Here's the thing about switching the graphics on this machine, though: now that NVIDIA's seamless Optimus
hybrid graphics system is shipping on the ASUS UL50Vf, having the M11x tell you to quit certain apps and black out the screen while it switches GPUs feels positively hacky. It's not the worst thing in the world, but it's hard knowing that there's such a better automatic solution out there -- especially since you'll want to switch back and forth quite a bit to max out battery life. We wouldn't let it stop us from getting one, but we have to wonder why NVIDIA and Dell didn't get together and put Optimus on the M11x right from the start, since it's such a perfect fit. We certainly expect to see it on a later version.
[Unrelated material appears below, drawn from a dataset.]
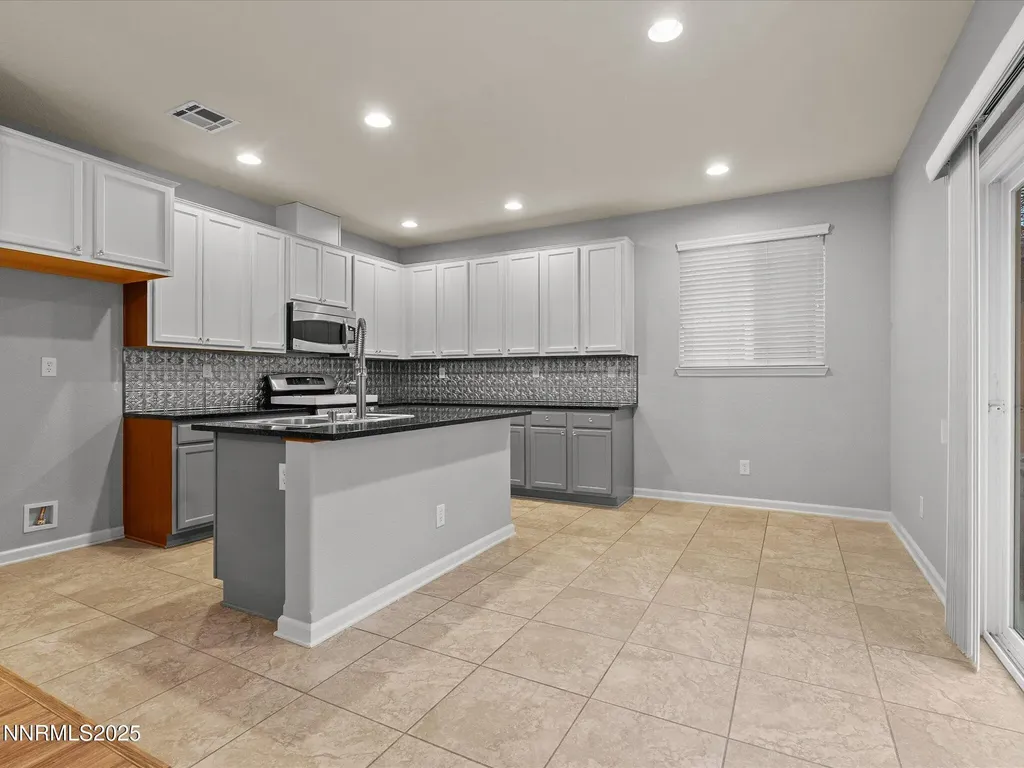 1056 Crown View Reno NV 89523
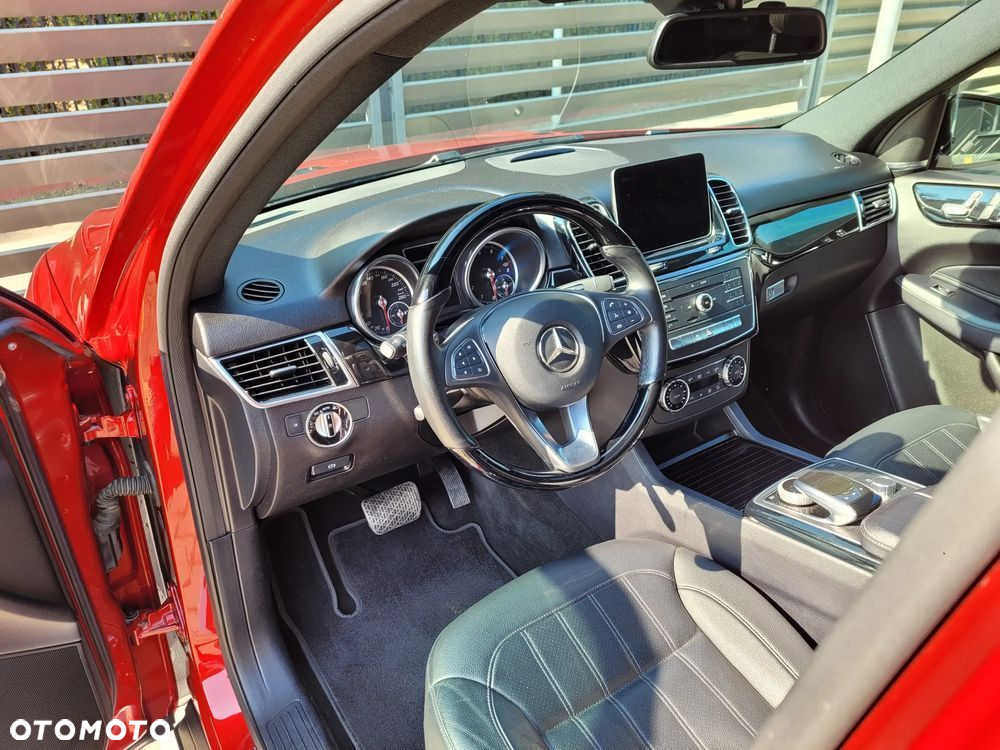 Mercedes-Benz GLE - 18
It's hard not to love the M11x after spending some time with it. It takes the traditional laptop and netbook formula and tilts the balance in unconventional ways, resulting in novel tradeoffs. It's sized like a netbook but it costs as much as many mainstream laptops -- and weighs as much as some of them. It has a slow CPU but a fast GPU that eats battery power voraciously enough that we'd probably just leave switched off until it was time to game -- otherwise known as "most of the time" for us. It purposefully looks like a cross between a muscle car and spaceship. Whether or not these particular choices appeal to you probably depends on how much GPU-dependent gaming you do on the go, and how much you're willing to spend on a machine with a smaller screen. We're pretty sure those of you who run out to buy one right this second won't be disappointed, but we're going to hold out for NVIDIA Optimus, and maybe a slightly faster processor -- all the while dreaming of keyboards backlit in Engadget blue.